The power generation sector consumes significant amounts of water. A comprehensive water footprint (WF) assessment helps identify and monitor the processes consuming high amounts of water. This research evaluates the water footprint (WF) of electricity generation at a USC coal power plant, integrating on-site data for enhanced reliability. Based on the Water Footprint Assessment Manual, the electricity WF includes supply chain and operational WF. This study exhibits that the average electricity WF is 2.96 m3/MWh.

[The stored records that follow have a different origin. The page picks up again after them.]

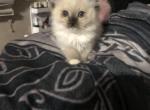Seal Mitted female Ragdoll - Ragdoll Cat For Sale - Pittsfield&comma; MA&comma; US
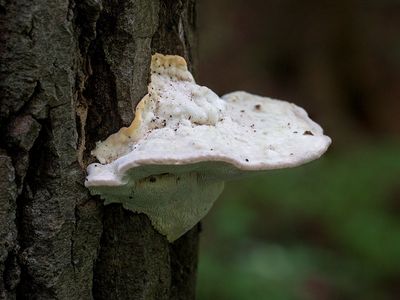 Lumpy Bracket Fungus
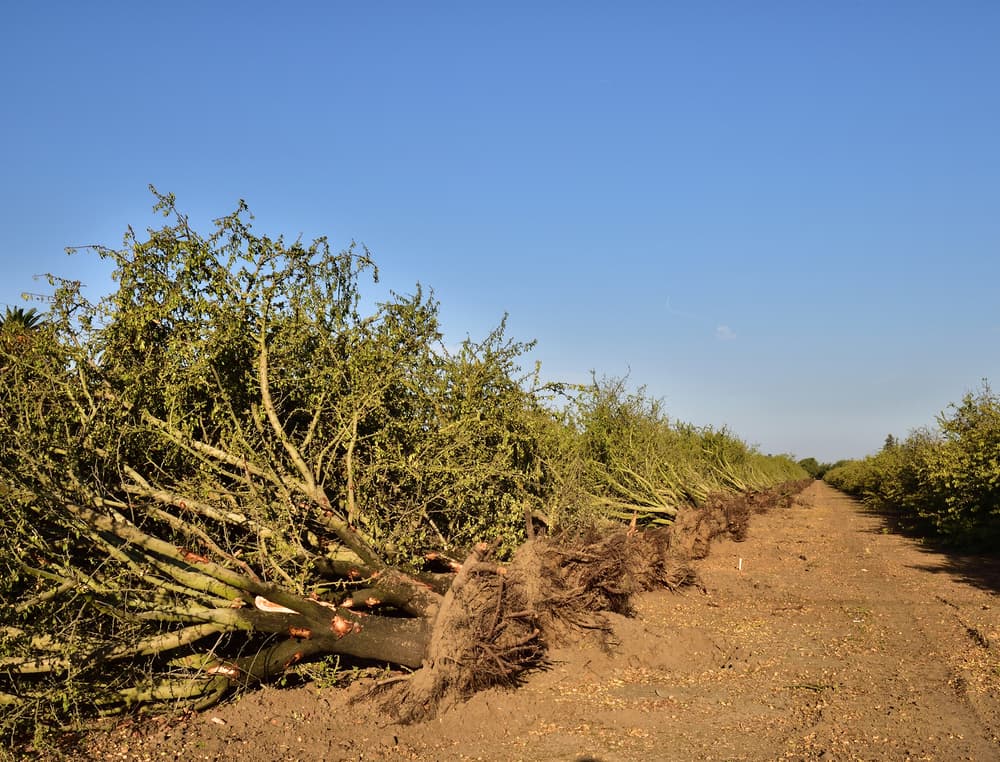 Rows of uprooted trees lie on their sides in a dirt field under a clear blue sky, with an empty path running alongside them.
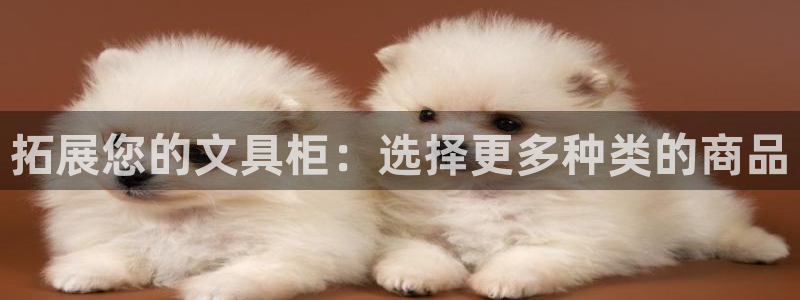 龙八国际手机登录入口：拓展您的文具柜：选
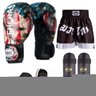 Kit Boxe Muay Thai Fheras Top EUA (03001041) - 1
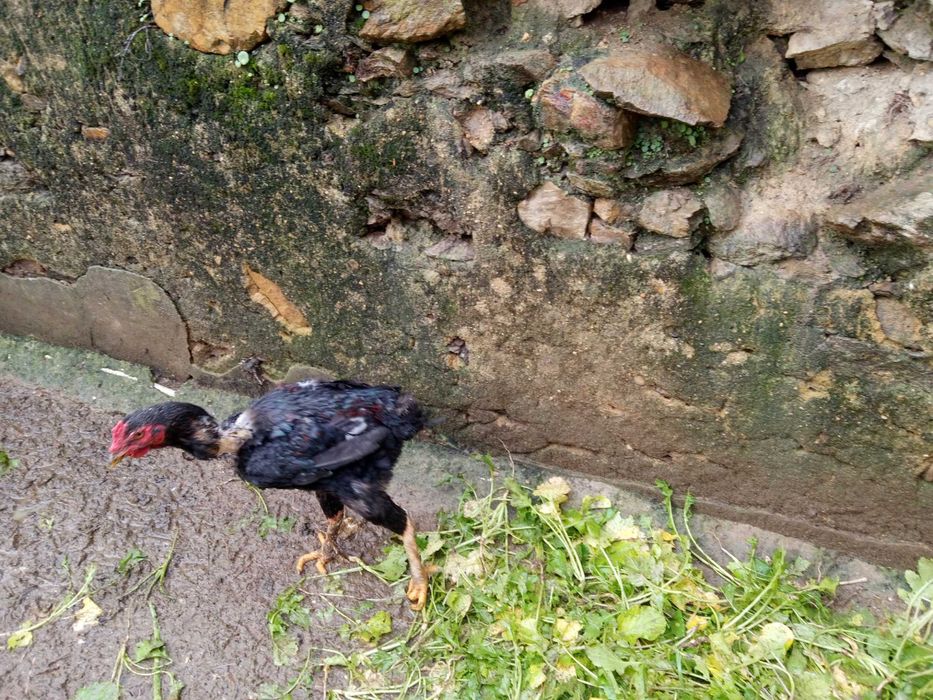 Vendo casal de galinhas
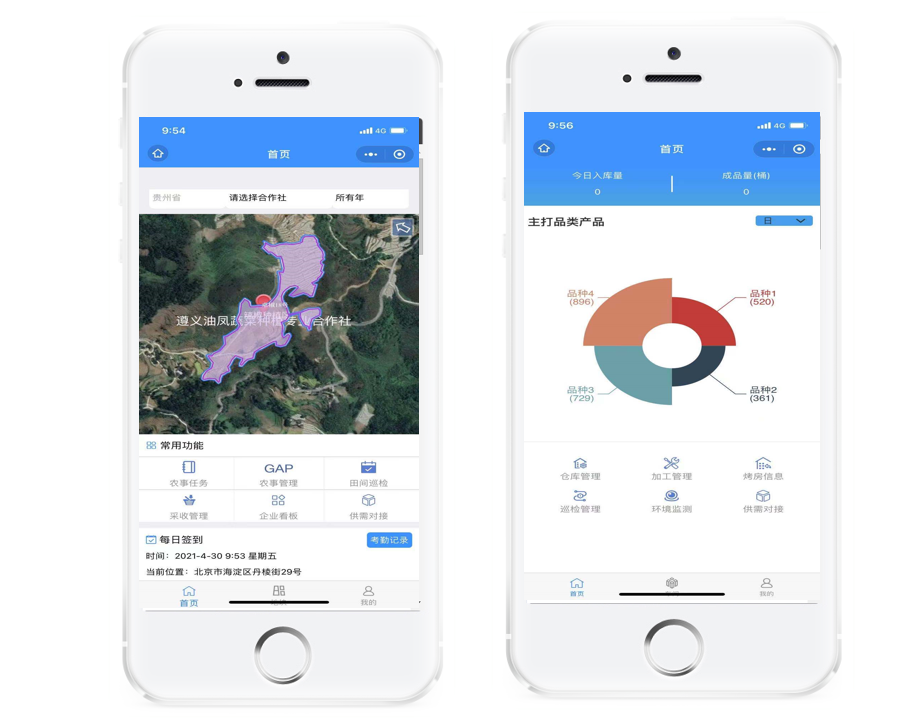 Organically grow the holistic world view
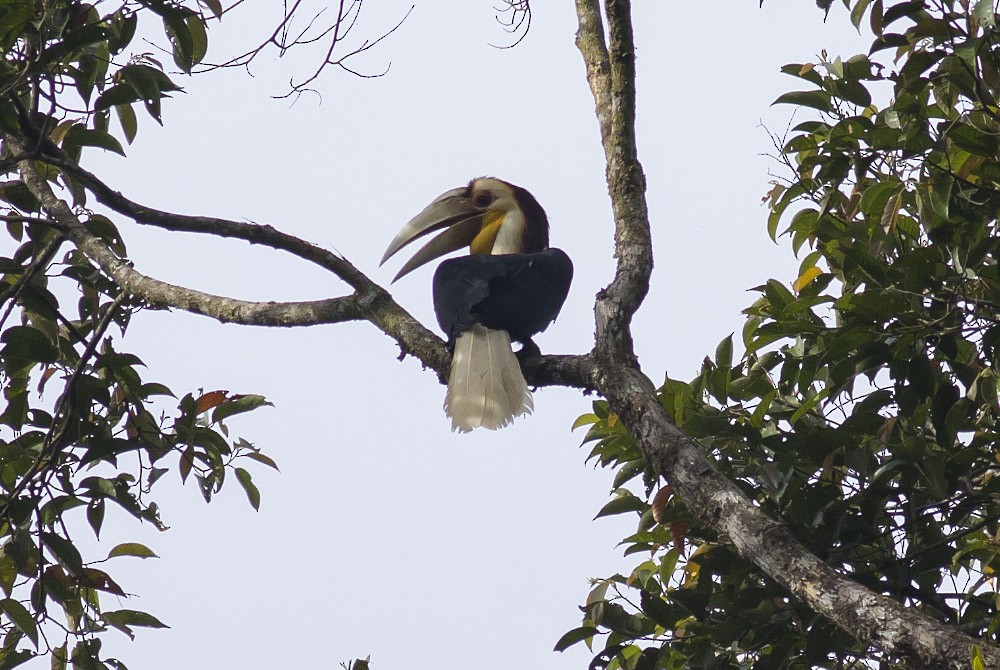 Wreathed Hornbill - Michael Todd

The supply chain WF accounts for 95% of the total electricity WF, while operational WF contributes 5%. The blue WF accounts for 9.9% of the total electricity WF, while the grey water footprint accounts for 90.1%. The results of this research show a significant difference in the distribution of blue and grey WF in electricity WF. Factors contributing to the differences include the amount of coal consumption, power generation technology and power plant cooling technology. Furthermore, this study shows that grey WF depends on the concentration of pollutants considered. This research also conducted a WF impact assessment on local water resources and found that the blue and grey operational WF contributes to low impact. Monitoring the water footprint associated with electricity generation at a coal power plant would provide a more enhanced understanding of water consumption patterns, which could help influence water resources management.